### Exercise details
What needs reproducing is the run of lines in the data below starting at the line with "Dear friends, welcome" and ending at the line with "Nigam kar uchitam", both ends included. Copy it exactly, without pictures, and add nothing.

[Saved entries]
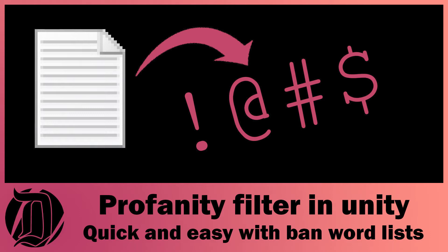Today we're going to have a look at how to make a simple but effective profanity filter for your game. Now I know that profanity filters are pretty easy to get around, but that doesn't mean that you shouldn't do one.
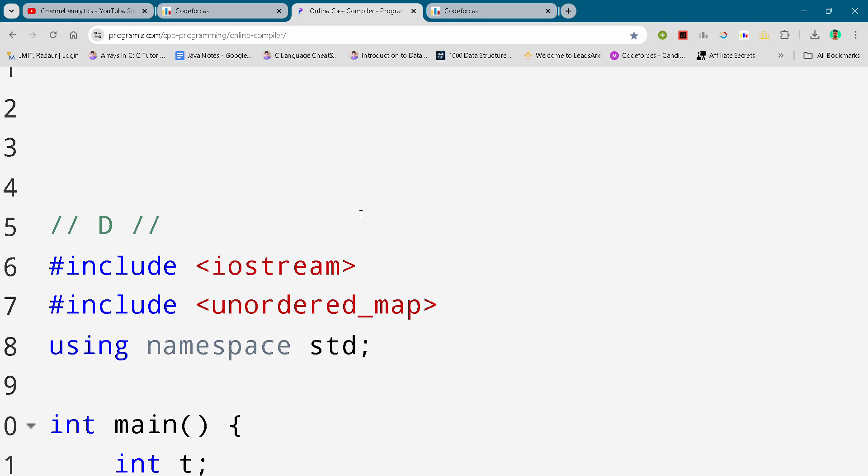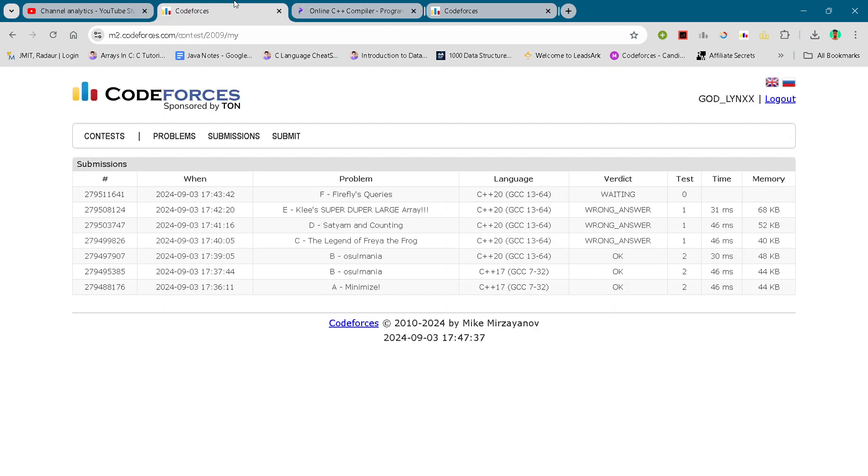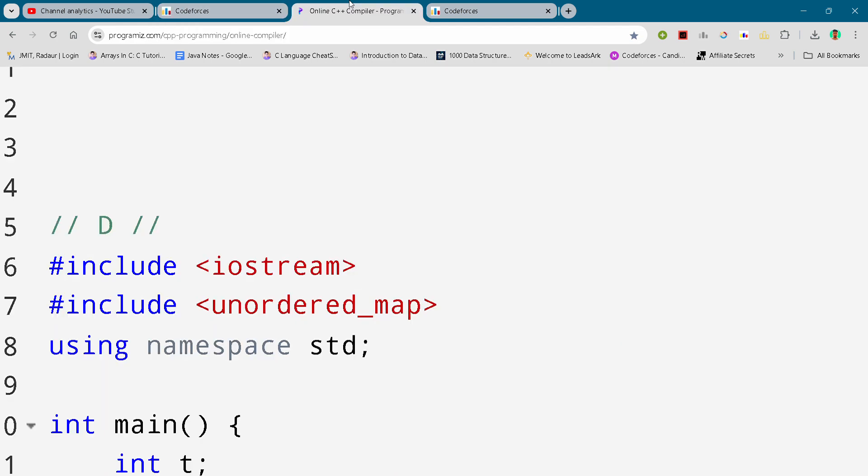Hey guys, I am back with another Codeforces round division 4. In this video I will be giving you the solution for problem number D. By the way, if you want the code from this contest, you can join my Telegram channel. The link is in the description for absolutely free.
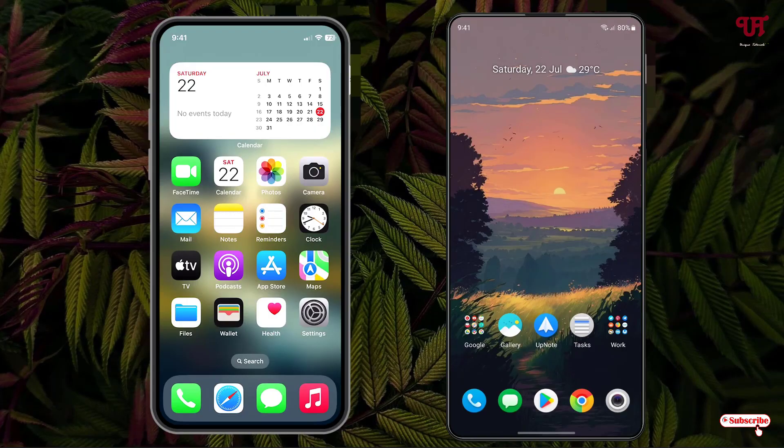Hello everyone, it's me Chevy from Unique Tutorials. Today in this video I will show you how to get iPhone-like status bar tap scroll in any Android smartphone. So without any more delay, let's begin.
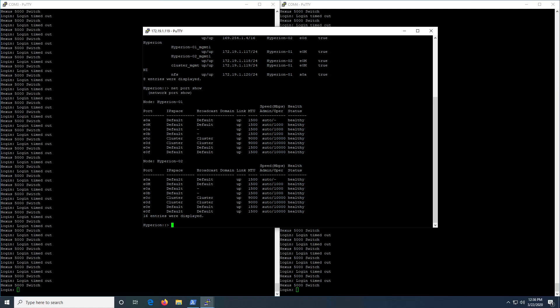Hello, welcome back to the channel. Today a quick video on configuring your NetApp 10 gig interfaces on your Cisco Nexus switches.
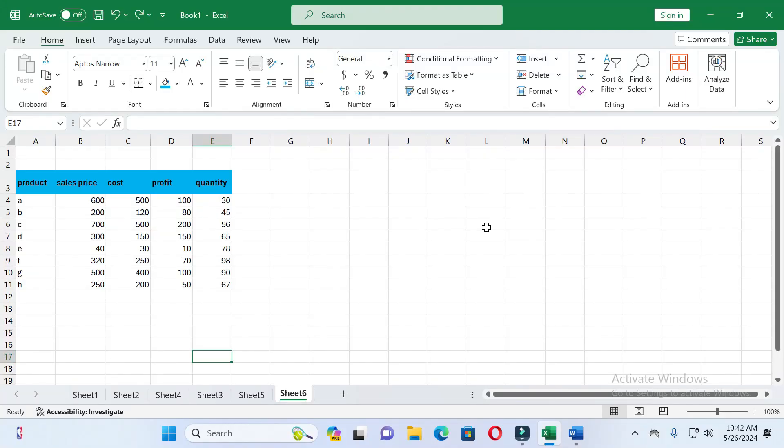Dear friends, welcome back to this channel. Today in this video I will show you how to create a bubble chart in Excel. So without wasting time, let's start the video. If you find this video helpful, please give a like and subscribe to our channel.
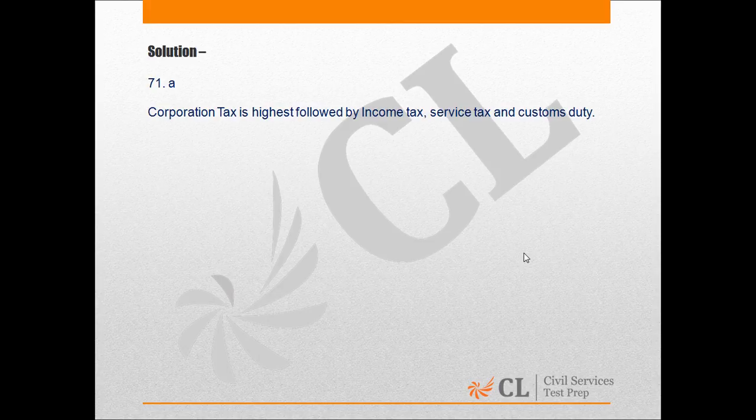Nigam kar uchitam hai, jiske baad kram shah Aay kar, aur phir Seva kar aata hai.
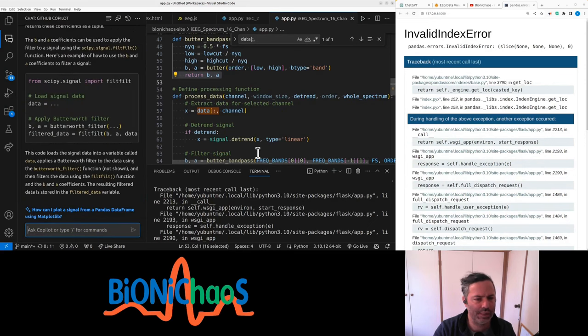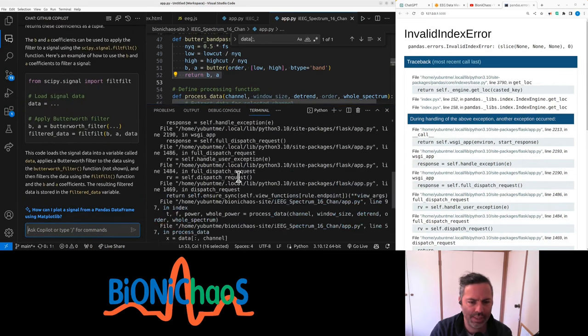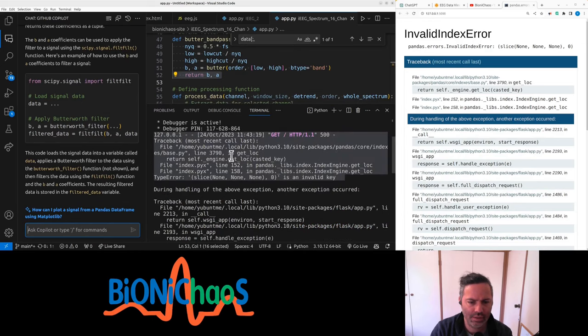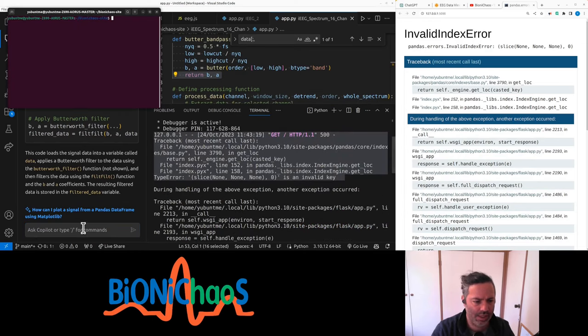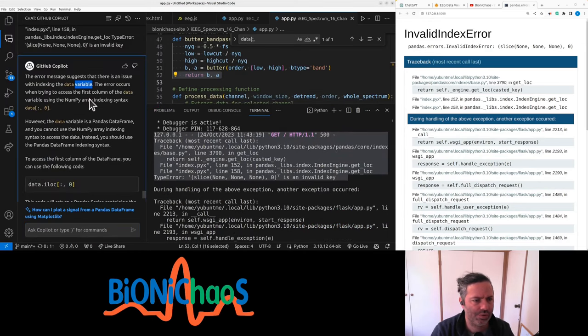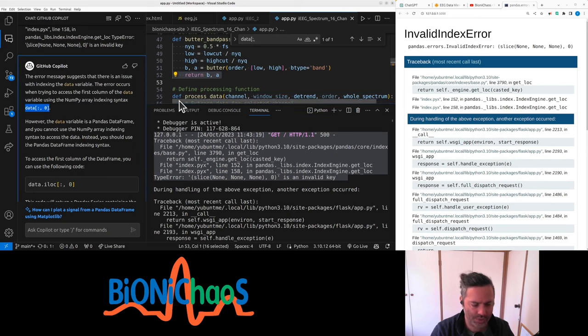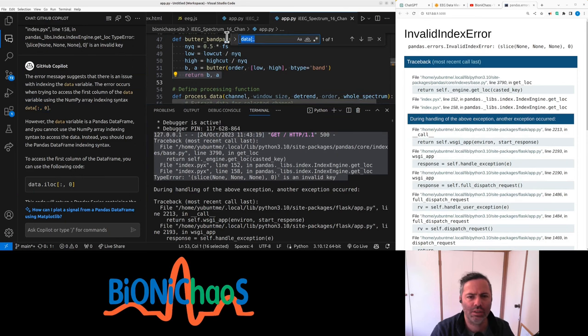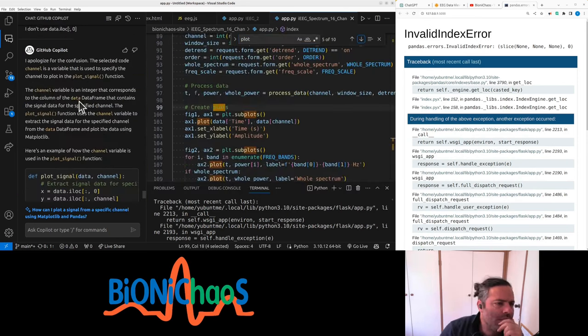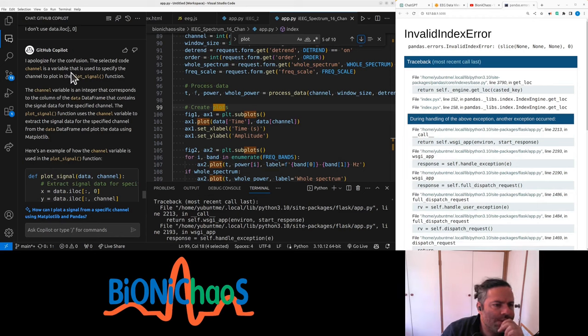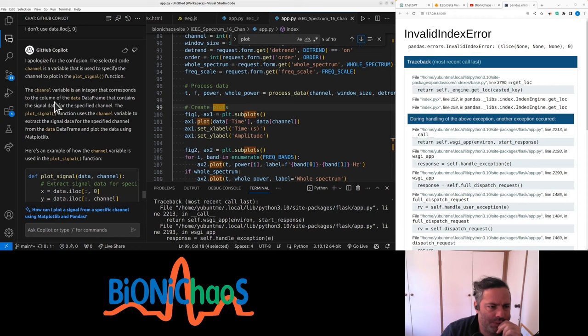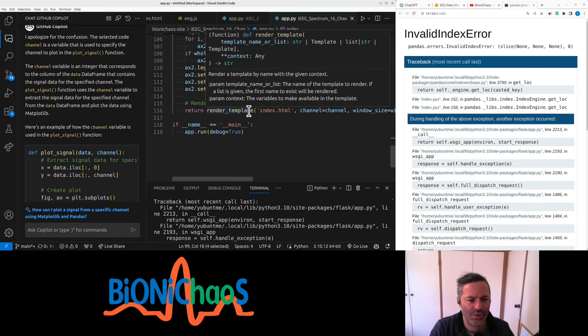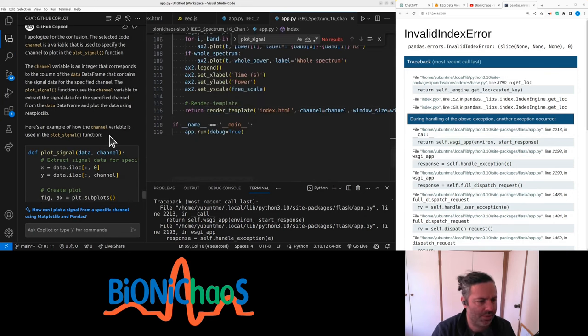I get that, but I meant with the error. To access the first column of the data, but I'm not, well not anymore. So why is it not getting updated? Select code: channel variable that is used to specify the channel to plot, signifying the channel variable is an integer. Content signal, the plot signal function to extract the signal data from specified channel. What is it talking about? There is no - it's like getting it to clear the chat or something.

### Written answer
Dear friends, welcome back to this channel. Today in this video I will show you how to create a bubble chart in Excel. So without wasting time, let's start the video. If you find this video helpful, please give a like and subscribe to our channel.
Nigam kar uchitam hai, jiske baad kram shah Aay kar, aur phir Seva kar aata hai.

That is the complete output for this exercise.